*** Data for processing ***
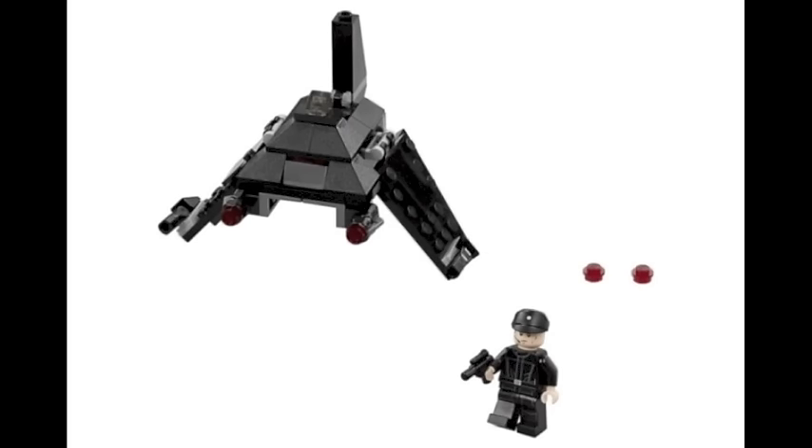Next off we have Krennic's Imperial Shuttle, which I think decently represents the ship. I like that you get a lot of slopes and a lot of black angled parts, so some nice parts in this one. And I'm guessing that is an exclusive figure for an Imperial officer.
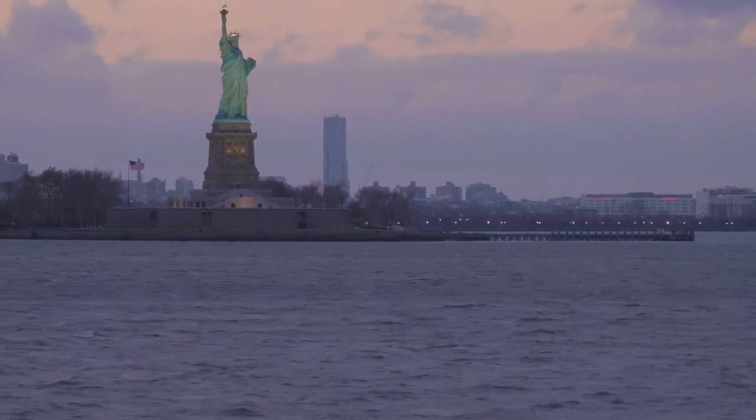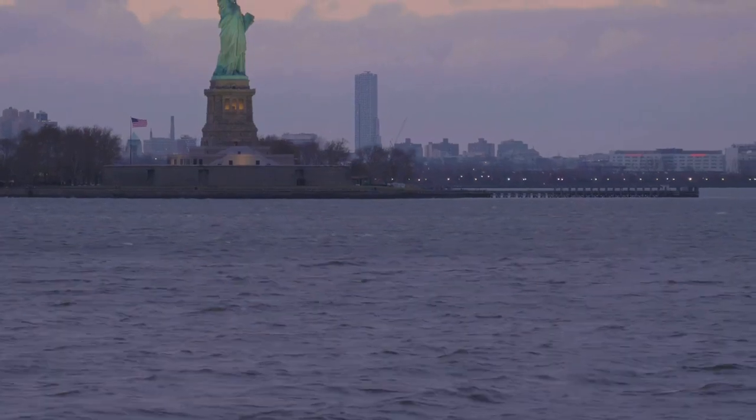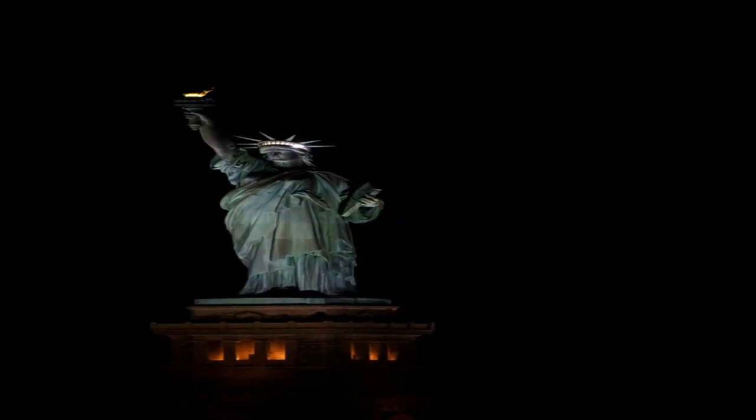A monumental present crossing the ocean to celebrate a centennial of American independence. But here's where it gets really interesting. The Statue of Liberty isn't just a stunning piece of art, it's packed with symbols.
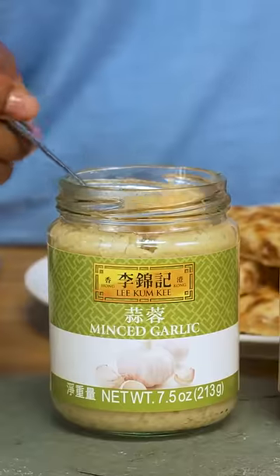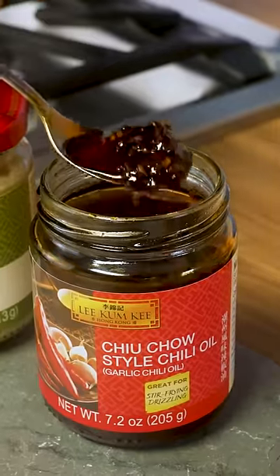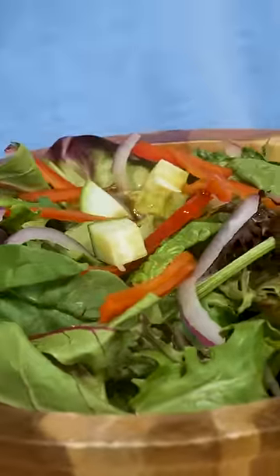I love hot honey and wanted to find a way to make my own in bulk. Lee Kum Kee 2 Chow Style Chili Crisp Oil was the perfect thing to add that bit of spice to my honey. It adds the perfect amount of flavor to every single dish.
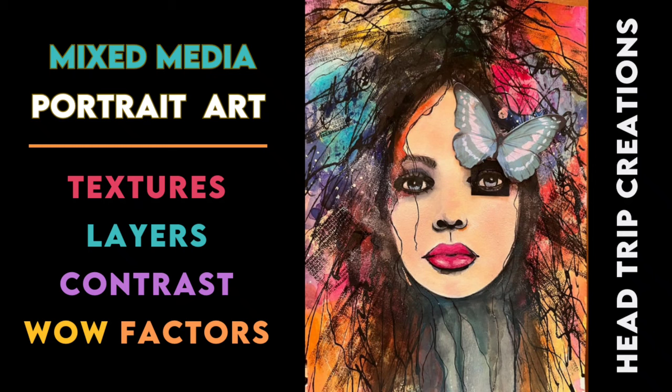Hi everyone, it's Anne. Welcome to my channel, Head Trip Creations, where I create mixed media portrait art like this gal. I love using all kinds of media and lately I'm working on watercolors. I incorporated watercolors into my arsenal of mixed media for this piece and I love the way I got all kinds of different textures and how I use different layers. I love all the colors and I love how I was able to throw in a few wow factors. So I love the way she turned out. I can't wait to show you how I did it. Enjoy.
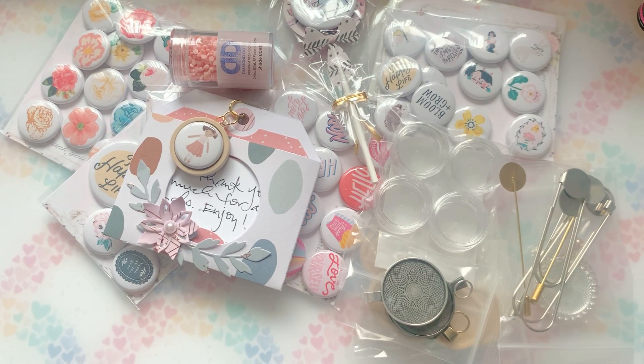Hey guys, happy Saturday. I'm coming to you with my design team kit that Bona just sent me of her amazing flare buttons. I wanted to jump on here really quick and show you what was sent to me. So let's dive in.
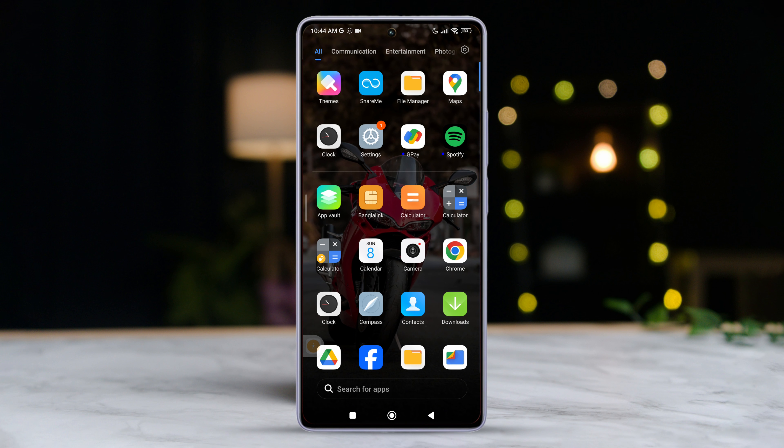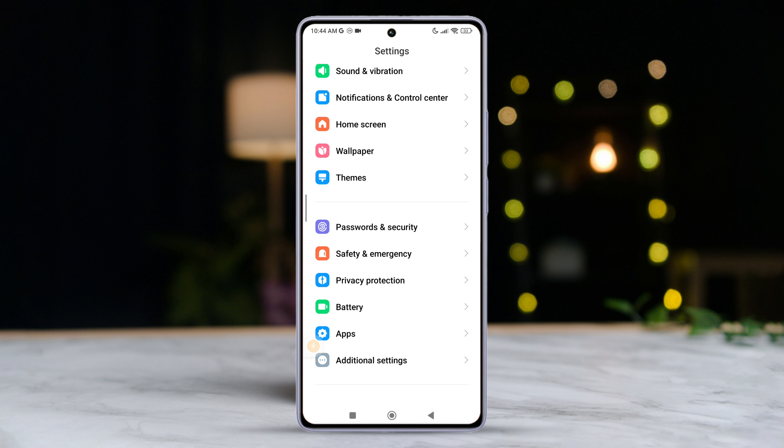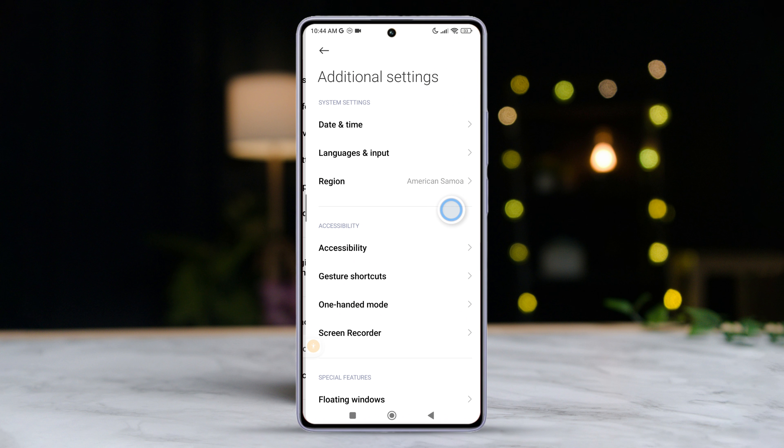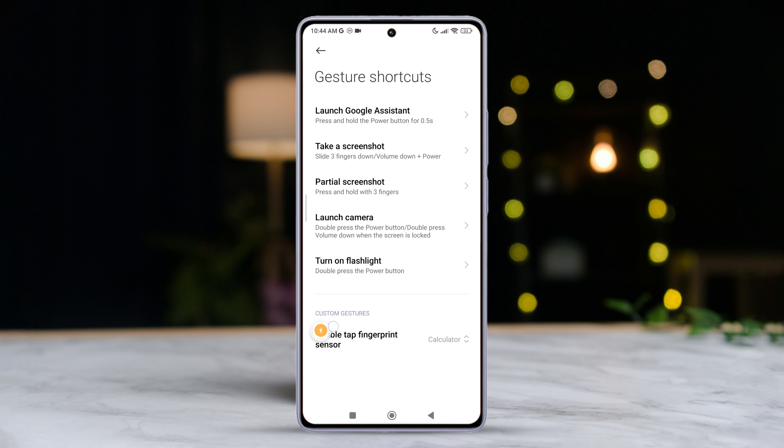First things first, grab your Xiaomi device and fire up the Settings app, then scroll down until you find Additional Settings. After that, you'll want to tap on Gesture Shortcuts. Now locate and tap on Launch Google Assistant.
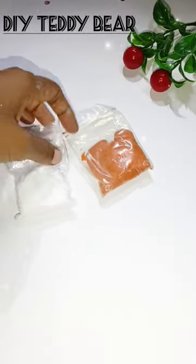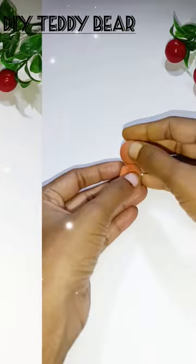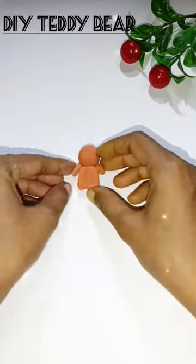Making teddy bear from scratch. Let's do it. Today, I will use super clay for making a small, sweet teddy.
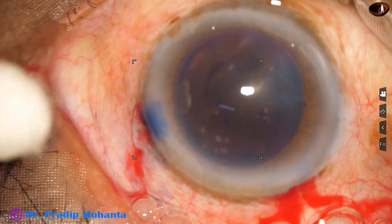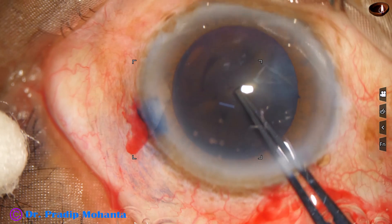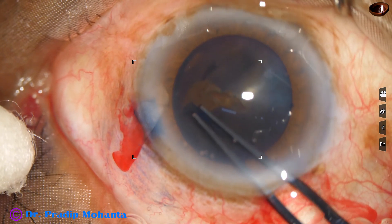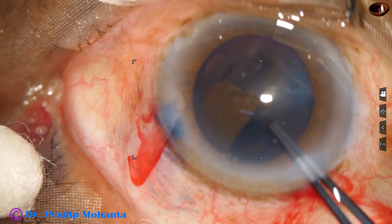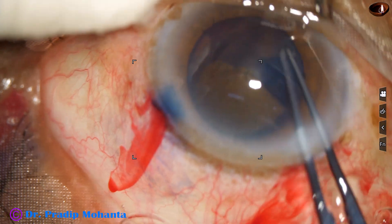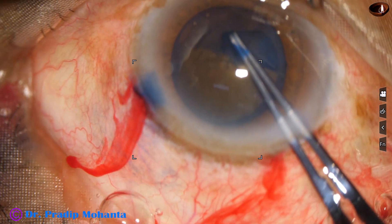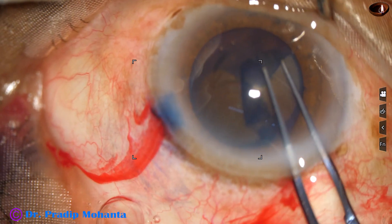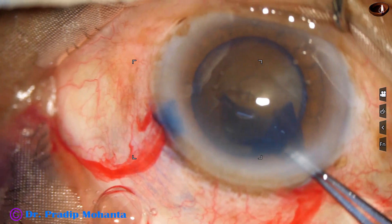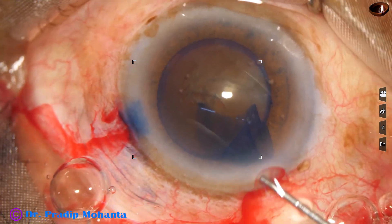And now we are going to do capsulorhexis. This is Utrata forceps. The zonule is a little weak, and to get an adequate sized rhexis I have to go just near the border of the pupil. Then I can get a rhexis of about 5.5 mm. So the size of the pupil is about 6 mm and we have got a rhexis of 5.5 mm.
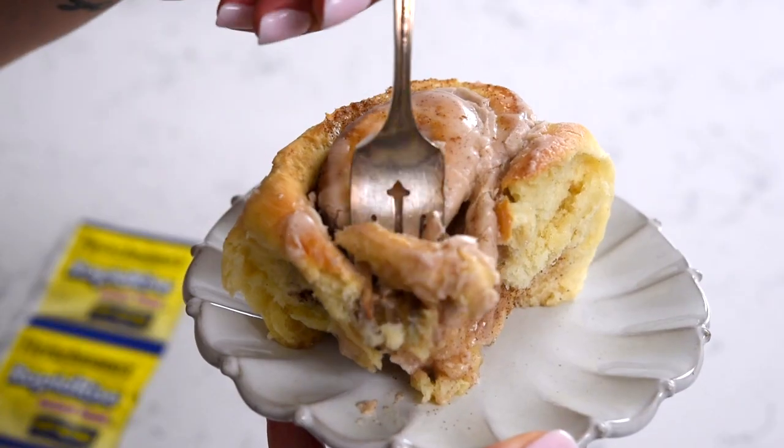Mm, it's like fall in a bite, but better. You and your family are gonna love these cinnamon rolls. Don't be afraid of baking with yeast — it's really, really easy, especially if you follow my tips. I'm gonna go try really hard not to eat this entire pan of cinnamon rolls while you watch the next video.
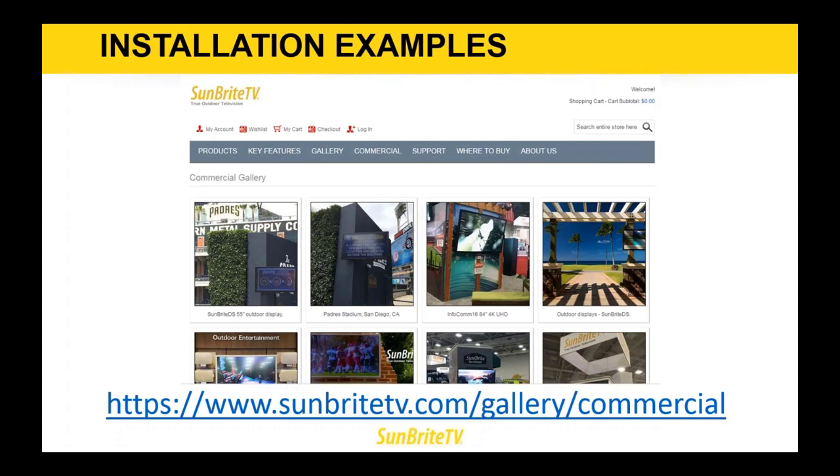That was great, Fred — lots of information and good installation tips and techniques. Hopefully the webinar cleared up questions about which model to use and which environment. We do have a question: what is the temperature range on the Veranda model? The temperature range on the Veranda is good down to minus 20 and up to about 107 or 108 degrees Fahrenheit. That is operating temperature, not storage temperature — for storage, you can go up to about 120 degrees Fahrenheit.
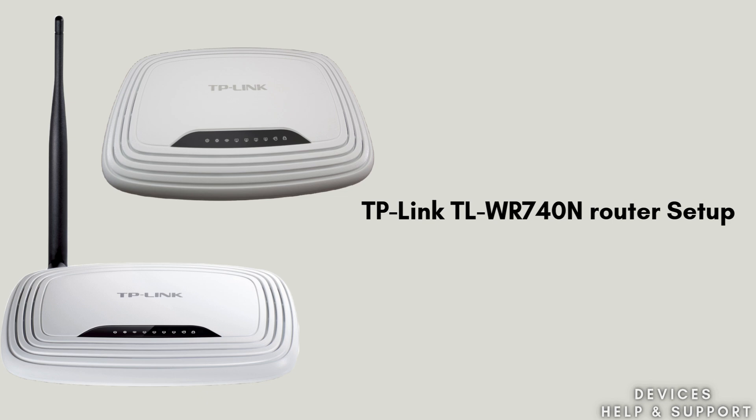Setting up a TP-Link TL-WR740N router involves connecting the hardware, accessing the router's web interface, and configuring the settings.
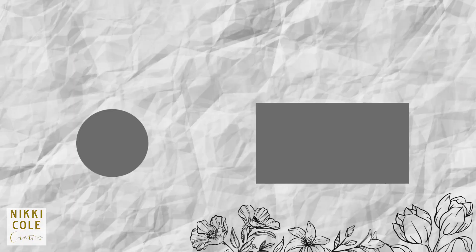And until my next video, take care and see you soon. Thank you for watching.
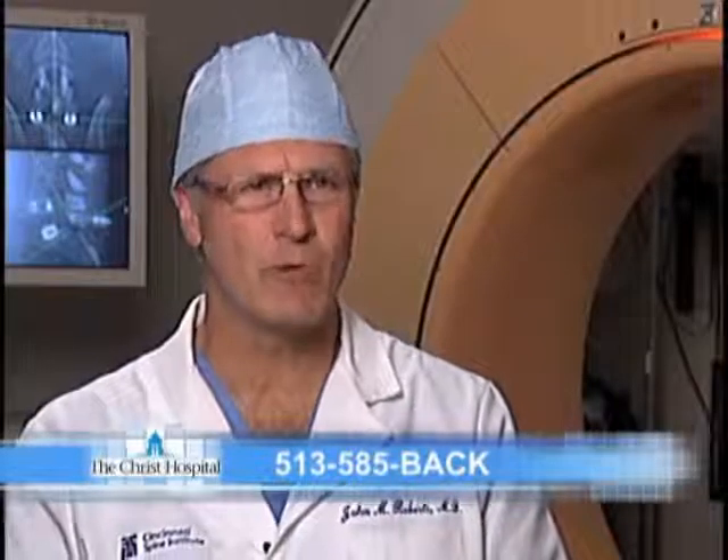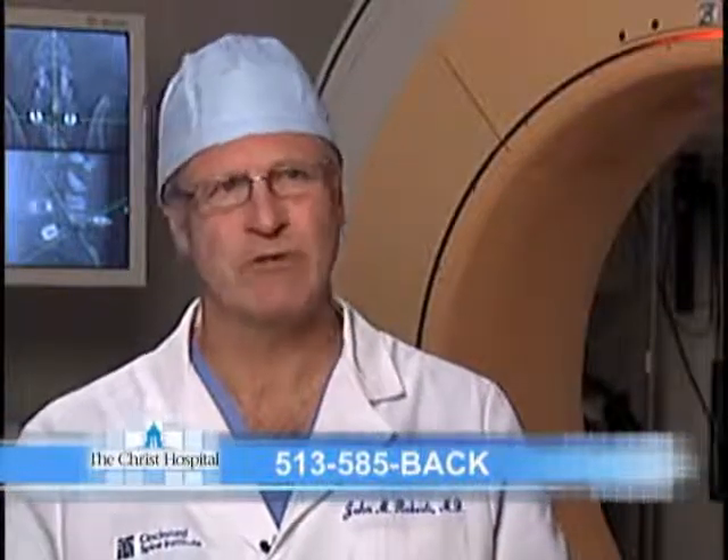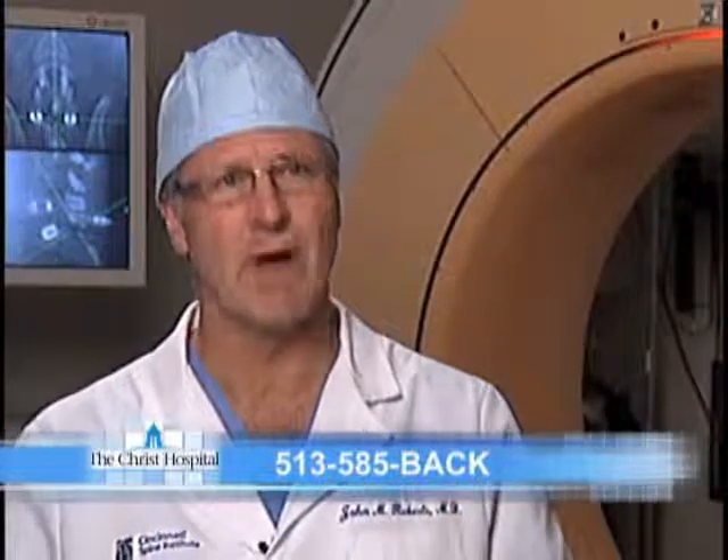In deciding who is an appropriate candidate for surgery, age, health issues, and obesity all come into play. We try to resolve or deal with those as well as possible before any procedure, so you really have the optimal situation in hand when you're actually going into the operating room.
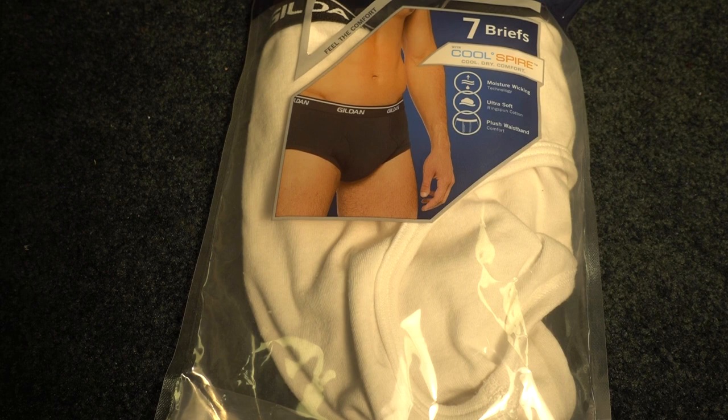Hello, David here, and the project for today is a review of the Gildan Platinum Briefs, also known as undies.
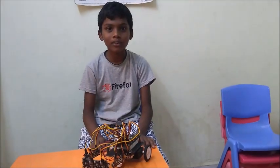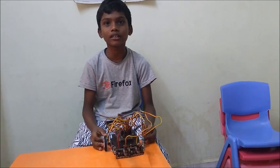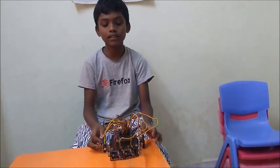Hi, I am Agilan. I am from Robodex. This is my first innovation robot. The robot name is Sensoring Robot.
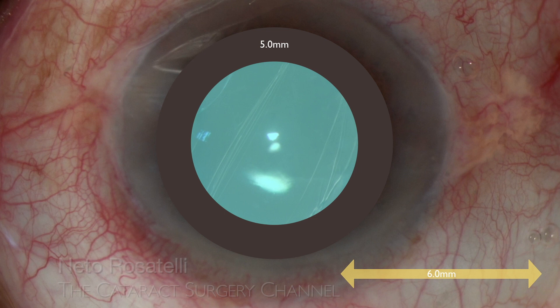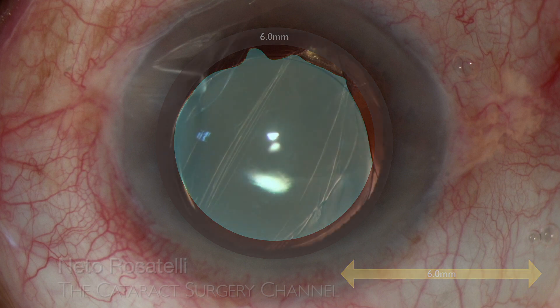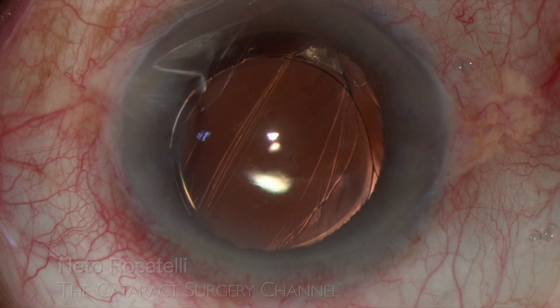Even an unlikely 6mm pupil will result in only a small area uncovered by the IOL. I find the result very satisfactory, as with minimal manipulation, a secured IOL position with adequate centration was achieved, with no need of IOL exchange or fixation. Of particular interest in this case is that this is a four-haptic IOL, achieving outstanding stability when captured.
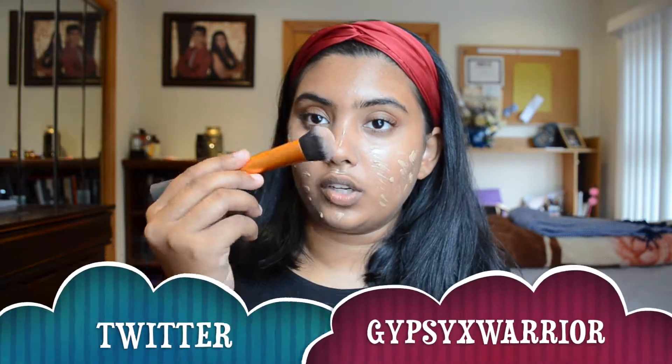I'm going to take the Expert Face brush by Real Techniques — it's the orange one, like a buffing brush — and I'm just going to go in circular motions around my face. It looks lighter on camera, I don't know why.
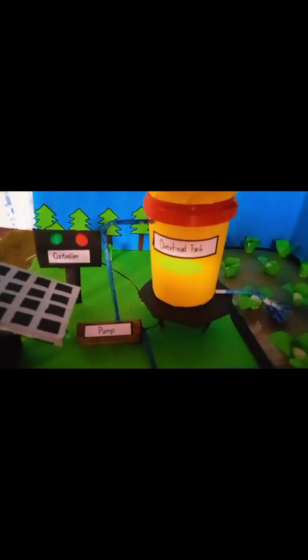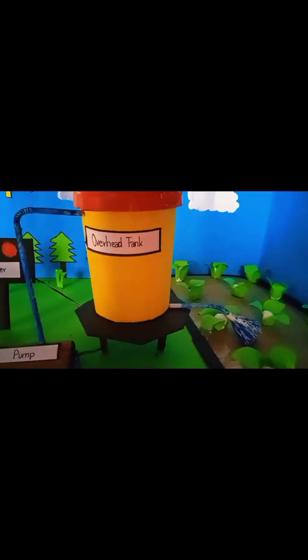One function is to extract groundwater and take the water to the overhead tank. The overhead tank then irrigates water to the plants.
*** End of Data for processing ***
Would you retype every line shown above exactly, leaving the pictures aside?

Output for this exercise
Next off we have Krennic's Imperial Shuttle, which I think decently represents the ship. I like that you get a lot of slopes and a lot of black angled parts, so some nice parts in this one. And I'm guessing that is an exclusive figure for an Imperial officer.
A monumental present crossing the ocean to celebrate a centennial of American independence. But here's where it gets really interesting. The Statue of Liberty isn't just a stunning piece of art, it's packed with symbols.
I love hot honey and wanted to find a way to make my own in bulk. Lee Kum Kee 2 Chow Style Chili Crisp Oil was the perfect thing to add that bit of spice to my honey. It adds the perfect amount of flavor to every single dish.
Hi everyone, it's Anne. Welcome to my channel, Head Trip Creations, where I create mixed media portrait art like this gal. I love using all kinds of media and lately I'm working on watercolors. I incorporated watercolors into my arsenal of mixed media for this piece and I love the way I got all kinds of different textures and how I use different layers. I love all the colors and I love how I was able to throw in a few wow factors. So I love the way she turned out. I can't wait to show you how I did it. Enjoy.
Hey guys, happy Saturday. I'm coming to you with my design team kit that Bona just sent me of her amazing flare buttons. I wanted to jump on here really quick and show you what was sent to me. So let's dive in.
First things first, grab your Xiaomi device and fire up the Settings app, then scroll down until you find Additional Settings. After that, you'll want to tap on Gesture Shortcuts. Now locate and tap on Launch Google Assistant.
Making teddy bear from scratch. Let's do it. Today, I will use super clay for making a small, sweet teddy.
And now we are going to do capsulorhexis. This is Utrata forceps. The zonule is a little weak, and to get an adequate sized rhexis I have to go just near the border of the pupil. Then I can get a rhexis of about 5.5 mm. So the size of the pupil is about 6 mm and we have got a rhexis of 5.5 mm.
Mm, it's like fall in a bite, but better. You and your family are gonna love these cinnamon rolls. Don't be afraid of baking with yeast — it's really, really easy, especially if you follow my tips. I'm gonna go try really hard not to eat this entire pan of cinnamon rolls while you watch the next video.
That was great, Fred — lots of information and good installation tips and techniques. Hopefully the webinar cleared up questions about which model to use and which environment. We do have a question: what is the temperature range on the Veranda model? The temperature range on the Veranda is good down to minus 20 and up to about 107 or 108 degrees Fahrenheit. That is operating temperature, not storage temperature — for storage, you can go up to about 120 degrees Fahrenheit.
Setting up a TP-Link TL-WR740N router involves connecting the hardware, accessing the router's web interface, and configuring the settings.
And until my next video, take care and see you soon. Thank you for watching.
In deciding who is an appropriate candidate for surgery, age, health issues, and obesity all come into play. We try to resolve or deal with those as well as possible before any procedure, so you really have the optimal situation in hand when you're actually going into the operating room.
Hello, David here, and the project for today is a review of the Gildan Platinum Briefs, also known as undies.
Hi, I am Agilan. I am from Robodex. This is my first innovation robot. The robot name is Sensoring Robot.
Even an unlikely 6mm pupil will result in only a small area uncovered by the IOL. I find the result very satisfactory, as with minimal manipulation, a secured IOL position with adequate centration was achieved, with no need of IOL exchange or fixation. Of particular interest in this case is that this is a four-haptic IOL, achieving outstanding stability when captured.
I'm going to take the Expert Face brush by Real Techniques — it's the orange one, like a buffing brush — and I'm just going to go in circular motions around my face. It looks lighter on camera, I don't know why.
One function is to extract groundwater and take the water to the overhead tank. The overhead tank then irrigates water to the plants.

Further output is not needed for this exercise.